### ACTIVITY
The answer must repeat every record exactly, with no pictures in it.

### DATA IN THIS EXERCISE
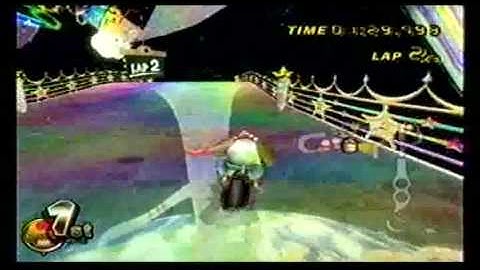 Mario Kart Wii Wi-fi Hacker Race#4 Funny Race XD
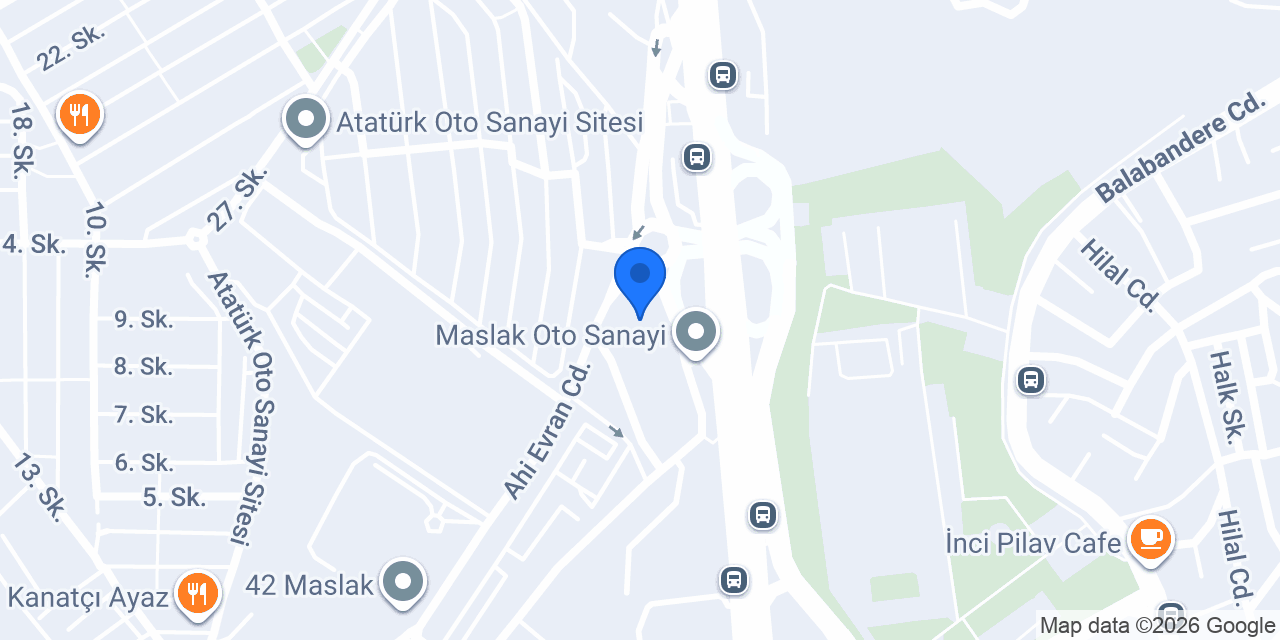 Albaraka Türk Maslak Şubesi konumu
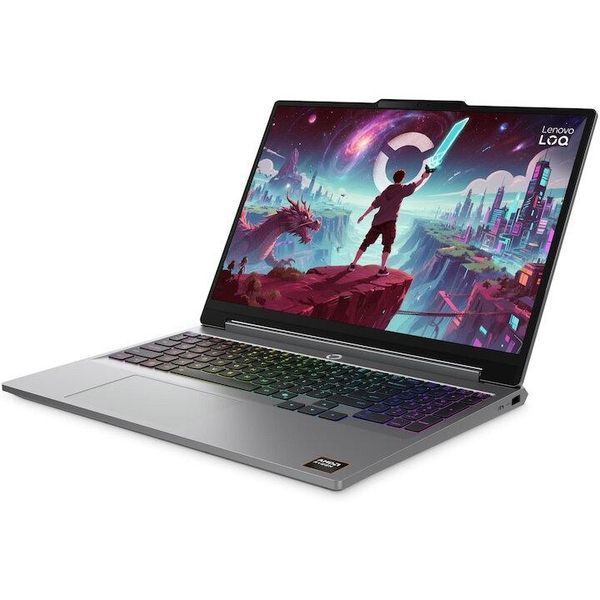 Ноутбук Lenovo LOQ 15AHP11 (83TN002JRM), AMD Ryzen 7 250 / 15.3" / 165 Гц / RAM 16 ГБ DDR5 / SSD 1 ТБ / AMD Radeon 780M + RTX 5050 / Без ОС / Сірий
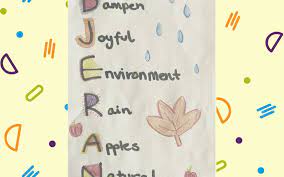 activity 7 acrostic poems awesome arts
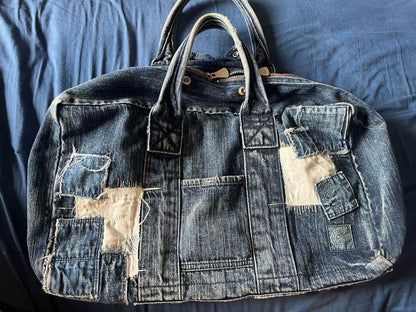 Porter Classic Vintage Denim Handbag
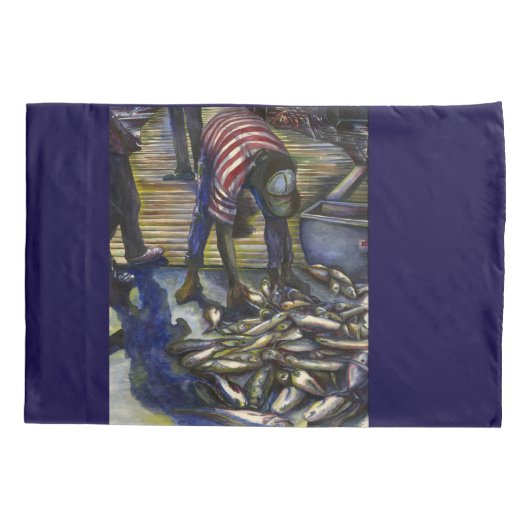 Zaterdag de zegeningen, Harbour Island, Bahama's Kussensloop (Achterkant)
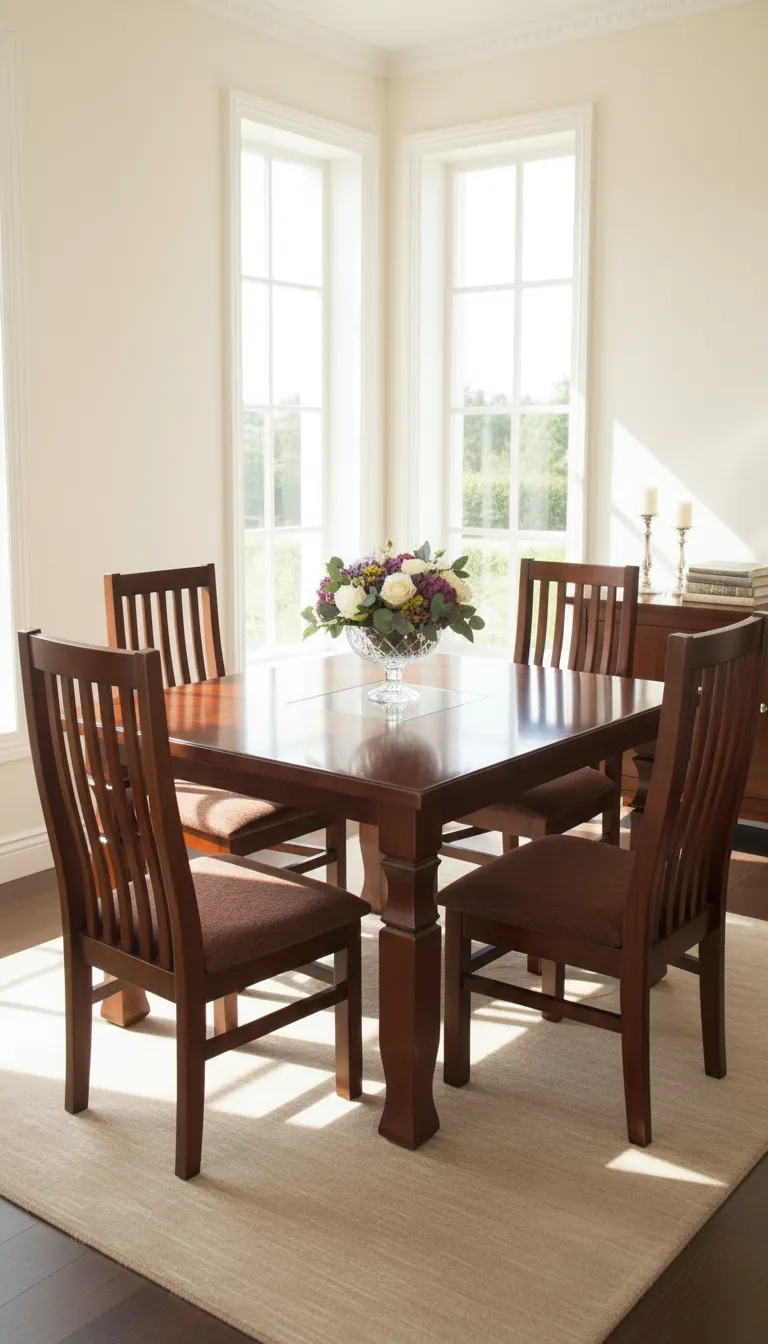 Classic Wooden Dining Table Set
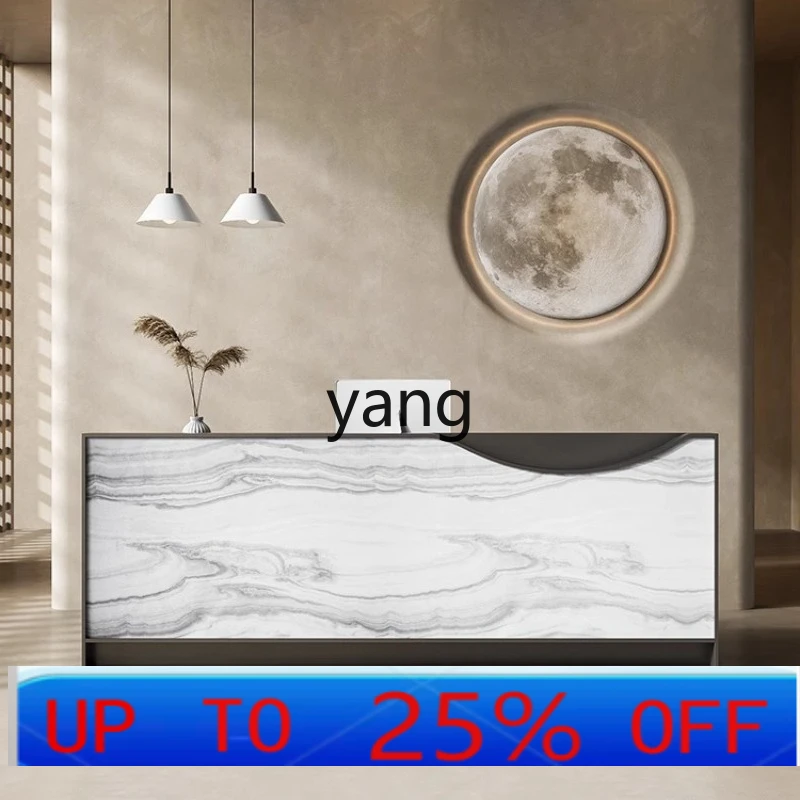 lmm  Creative Cashier Bar Table Marble Service Desk Company Front Desk Reception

### THE COMPLETED TASK
 Mario Kart Wii Wi-fi Hacker Race#4 Funny Race XD
 Albaraka Türk Maslak Şubesi konumu
 Ноутбук Lenovo LOQ 15AHP11 (83TN002JRM), AMD Ryzen 7 250 / 15.3" / 165 Гц / RAM 16 ГБ DDR5 / SSD 1 ТБ / AMD Radeon 780M + RTX 5050 / Без ОС / Сірий
 activity 7 acrostic poems awesome arts
 Porter Classic Vintage Denim Handbag
 Zaterdag de zegeningen, Harbour Island, Bahama's Kussensloop (Achterkant)
 Classic Wooden Dining Table Set
 lmm  Creative Cashier Bar Table Marble Service Desk Company Front Desk Reception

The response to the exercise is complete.